From the House of Ideas – Fantastic Four: Life Story #1

Last week in From The House of Ideas, we took a look at Dan Slott’s current run on Fantastic Four (you can read it here, if you’re so inclined). Well, the FF manage to get some focus two weeks in a row, but this time out it’s not in their ongoing series, but rather in the first issue of relatively new concept of Marvel takes.

The Life Story concept began last year with Spider-Man: Life Story, written by Chip Zdarksy and illustrated by Mark Bagley. Each issue of the limited series traced a certain decade in the life of Peter Parker, who was aged appropriately for each issue. It was a solid series, unencumbered by canon.

Fantastic Four

Fantastic Four: Life Story is following the same tradition. In honour of the team’s 60th anniversary, writer Mark Russell and artist Sean Izaakse have gone back to the very beginning of the FF’s classic origin. Set in the early 1960s, with JFK still alive and in office and competing with Russsia in the Cold War, Reed Richards is tasked with getting the U.S. into space post-haste. And with a rocket ship he’s come up with, he manages to do so, taking with him his colleague and girlfriend Susan Storm, her much younger brother Johnny, and a pilot named Ben Grimm, who in a twist on the usual origin story, is brought in to the story by Johnny rather than Reed.

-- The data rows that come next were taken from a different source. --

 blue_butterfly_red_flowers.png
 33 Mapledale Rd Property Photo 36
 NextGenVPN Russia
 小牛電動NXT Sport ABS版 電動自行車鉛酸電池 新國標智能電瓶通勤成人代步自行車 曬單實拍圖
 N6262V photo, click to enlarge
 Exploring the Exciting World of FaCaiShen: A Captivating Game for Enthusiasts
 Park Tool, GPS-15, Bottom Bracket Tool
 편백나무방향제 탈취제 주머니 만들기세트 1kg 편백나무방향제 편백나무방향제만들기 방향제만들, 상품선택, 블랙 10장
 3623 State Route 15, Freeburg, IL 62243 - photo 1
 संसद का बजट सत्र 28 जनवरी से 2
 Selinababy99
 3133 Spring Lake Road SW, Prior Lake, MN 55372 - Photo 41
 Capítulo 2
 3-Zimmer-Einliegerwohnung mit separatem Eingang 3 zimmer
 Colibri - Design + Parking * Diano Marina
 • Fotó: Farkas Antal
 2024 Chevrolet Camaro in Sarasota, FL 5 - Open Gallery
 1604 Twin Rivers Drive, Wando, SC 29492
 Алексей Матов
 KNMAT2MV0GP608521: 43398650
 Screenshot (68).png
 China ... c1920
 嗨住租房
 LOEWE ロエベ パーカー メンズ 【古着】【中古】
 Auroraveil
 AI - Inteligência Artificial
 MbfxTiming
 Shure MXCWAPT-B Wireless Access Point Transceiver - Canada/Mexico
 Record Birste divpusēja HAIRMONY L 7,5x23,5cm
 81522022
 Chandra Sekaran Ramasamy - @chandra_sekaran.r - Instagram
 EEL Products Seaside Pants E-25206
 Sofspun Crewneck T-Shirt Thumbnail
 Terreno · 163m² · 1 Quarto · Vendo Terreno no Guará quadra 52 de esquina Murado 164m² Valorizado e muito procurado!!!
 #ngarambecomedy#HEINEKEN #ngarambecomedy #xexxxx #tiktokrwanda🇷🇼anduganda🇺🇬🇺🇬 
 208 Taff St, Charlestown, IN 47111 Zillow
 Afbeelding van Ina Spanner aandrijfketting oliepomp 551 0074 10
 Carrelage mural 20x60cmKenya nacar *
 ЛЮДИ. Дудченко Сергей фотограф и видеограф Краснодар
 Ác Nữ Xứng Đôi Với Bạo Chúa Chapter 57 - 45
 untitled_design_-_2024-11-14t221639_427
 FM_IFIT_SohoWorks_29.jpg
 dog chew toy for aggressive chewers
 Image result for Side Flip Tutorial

It’s the cool tweaks, subtle and not so subtle that made Fantastic Four: Life Story #1 a fun first issue. If you’re remotely a Marvel fan, you know how the FF became who they are; that origin story and how they respond is a huge part of their appeal. This book manages to keep the tone and idea spot on, even as it Russell and Izaakse play with its roots.

There’s so much Fantastic Four history to pull from and in Life Story #1 the creative team do a solid job of honouring the source material while also managing to add something new to their classic story. As the Devourer of Worlds Galactus might say, I hunger to see how this series unfolds.